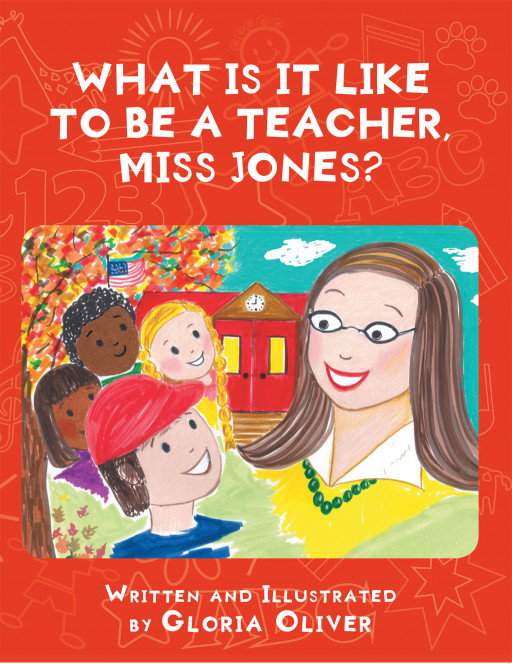 Gloria Oliver's New Book 'What is It Like to Be a Teacher, Miss Jones?' is a Delightful Look Into the Promising Jobs of Teachers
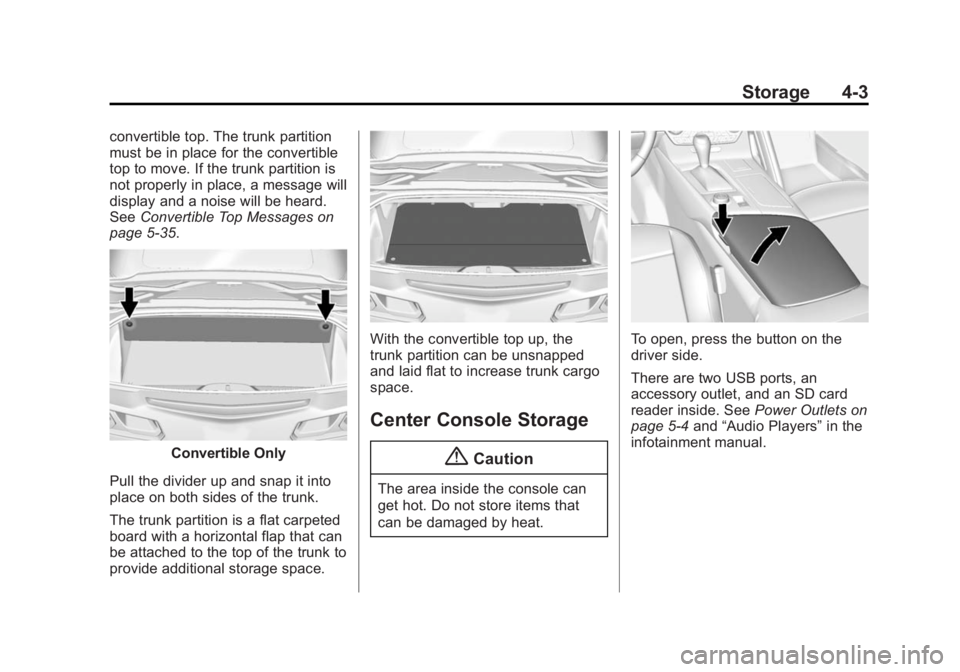 CHEVROLET CORVETTE GRAND SPORT 2015  Owners Manual Black plate (3,1)Chevrolet Corvette Owner Manual (GMNA-Localizing-U.S./Canada/Mexico-
7576293) - 2015 - crc - 6/17/14
Storage 4-3
convertible top. The trunk partition
must be in place for the converti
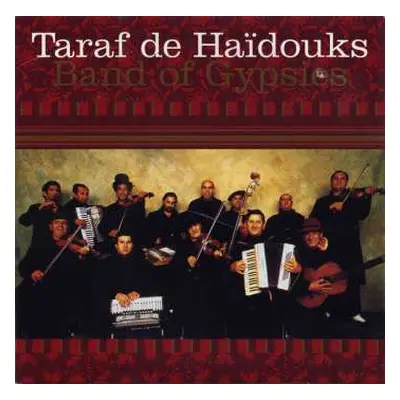 CD Taraf de Haïdouks: Band Of Gypsies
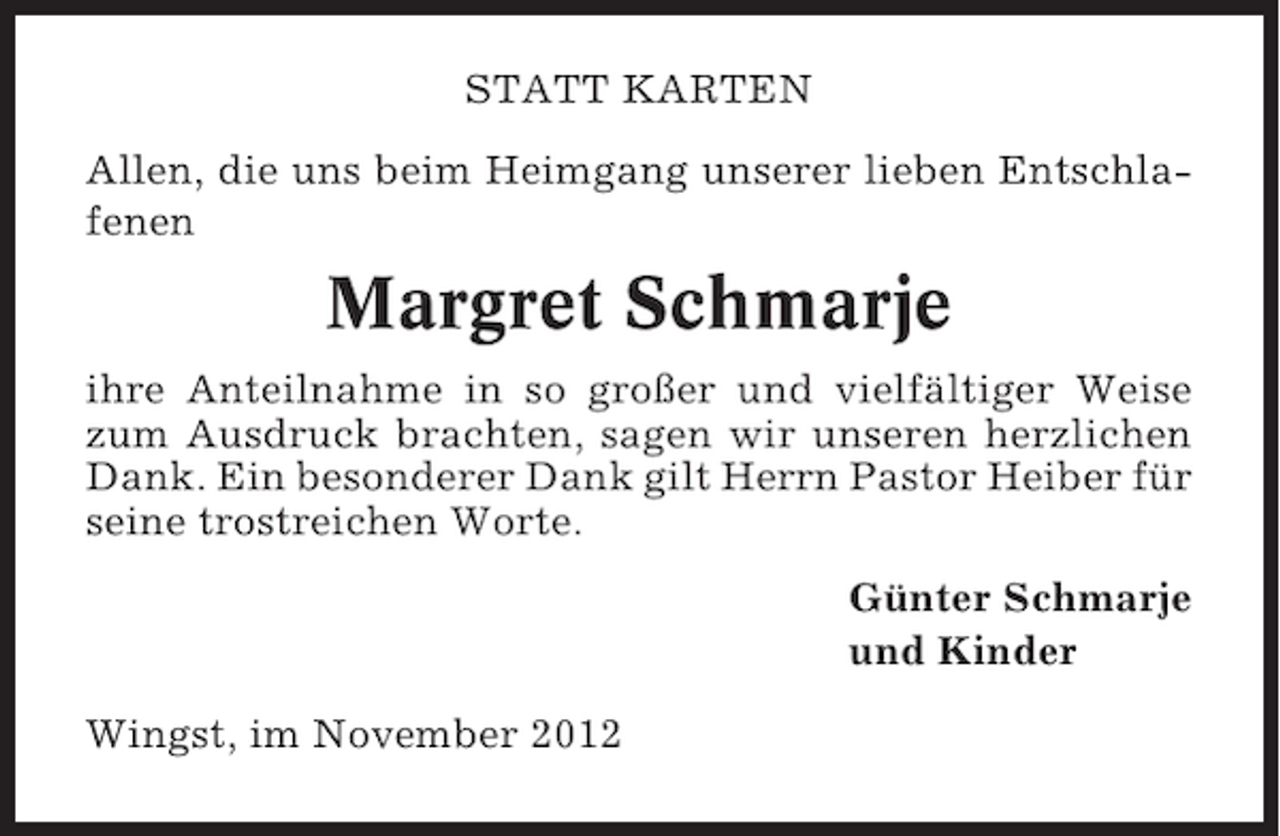 <p>STATT KARTEN<br />Allen, die uns beim Heimgang unserer lieben Entschlafenen</p><p>Margret Schmarje<br />ihre Anteilnahme in so großer und vielfältiger Weise<br />zum Ausdruck brachten, sagen wir unseren herzlichen<br />Dank. Ein besonderer Dank gilt Herrn Pastor Heiber für<br />seine trostreichen Worte.<br />Günter Schmarje<br />und Kinder<br />Wingst, im November 2012</p>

------------------------------------------------

**Task description**
Although pictures appear among the records above, none are to be output; print exactly the lines from the line containing "7576293) - 2015 - crc - 6/17/14" through the line containing "CD Taraf de Haïdouks: Band Of Gypsies".

**Output below**
7576293) - 2015 - crc - 6/17/14
Storage 4-3
convertible top. The trunk partition
must be in place for the converti
 CD Taraf de Haïdouks: Band Of Gypsies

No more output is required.